**Action item:** Images are not part of the copy; transcribe all the data exactly.

**Information provided:**
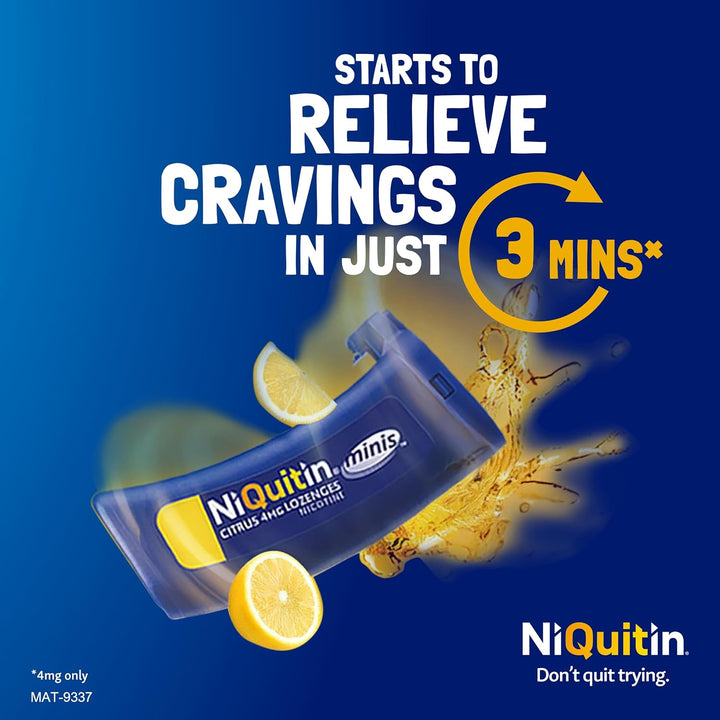 4Mg Minis Citrus Lozenges - Citrus Flavour (3 X Pack of 20 Minis Nicotine Lozenges) - Smoking Craving Relief in Just 3 Minutes* - on the Go Oral Stop Smoking Aid - Pocket Sized Containers.
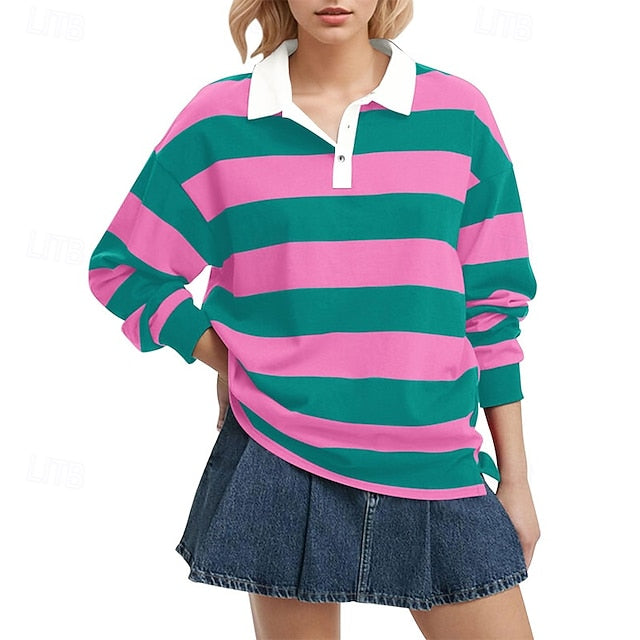 Women's T Shirt Tee Top Buttons Striped Fashion Stylish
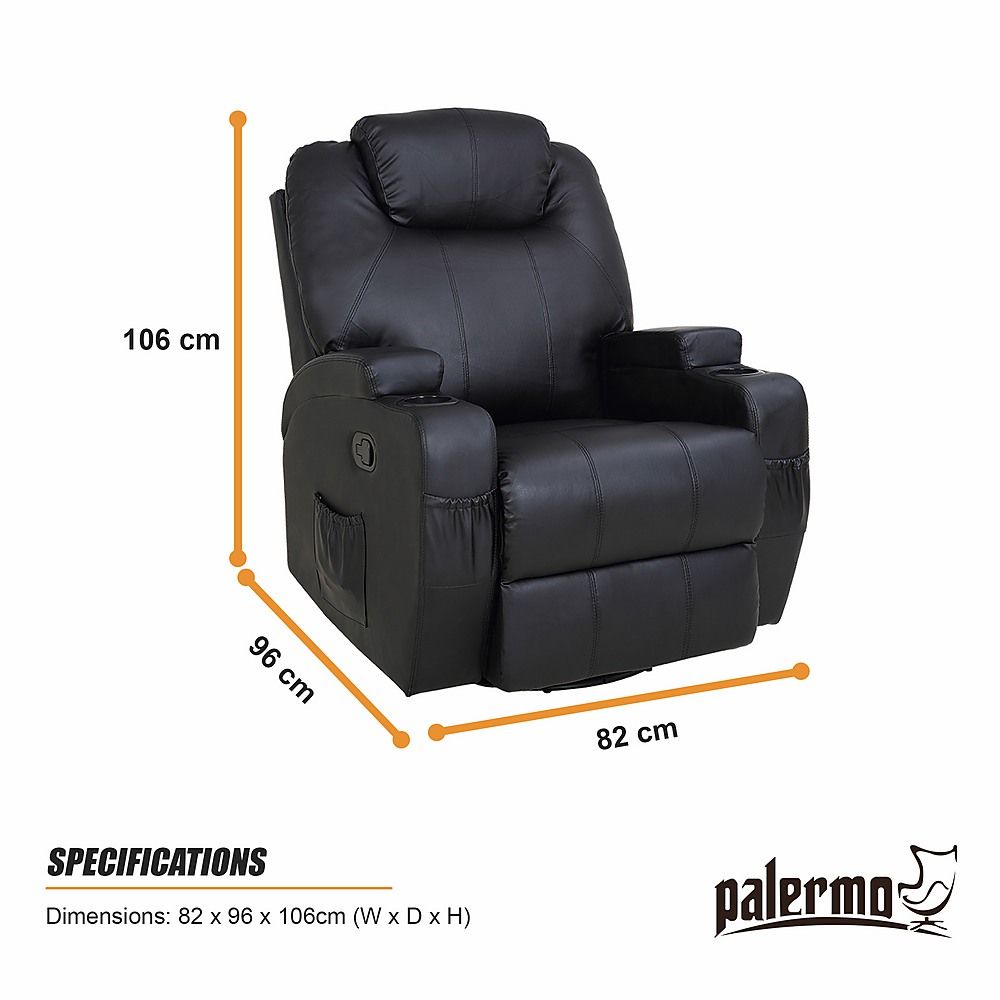Heated Massage Chair – Black PU Leather 360° Swivel Recliner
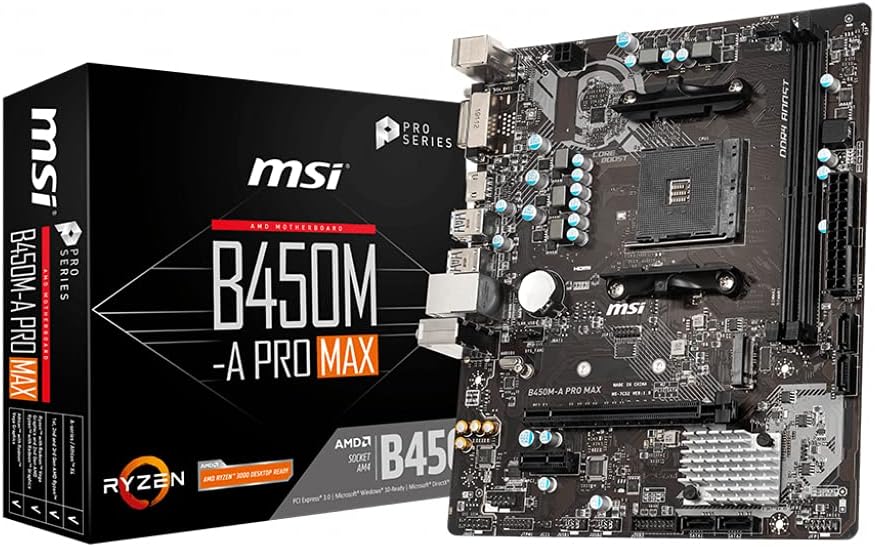 MSI B450M-A PRO MAX AM4 Motherboard DDR4 M.2 USB 3 DVI HDMI Crossfire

**Exercise response:**
 4Mg Minis Citrus Lozenges - Citrus Flavour (3 X Pack of 20 Minis Nicotine Lozenges) - Smoking Craving Relief in Just 3 Minutes* - on the Go Oral Stop Smoking Aid - Pocket Sized Containers.
 Women's T Shirt Tee Top Buttons Striped Fashion Stylish
Heated Massage Chair – Black PU Leather 360° Swivel Recliner
 MSI B450M-A PRO MAX AM4 Motherboard DDR4 M.2 USB 3 DVI HDMI Crossfire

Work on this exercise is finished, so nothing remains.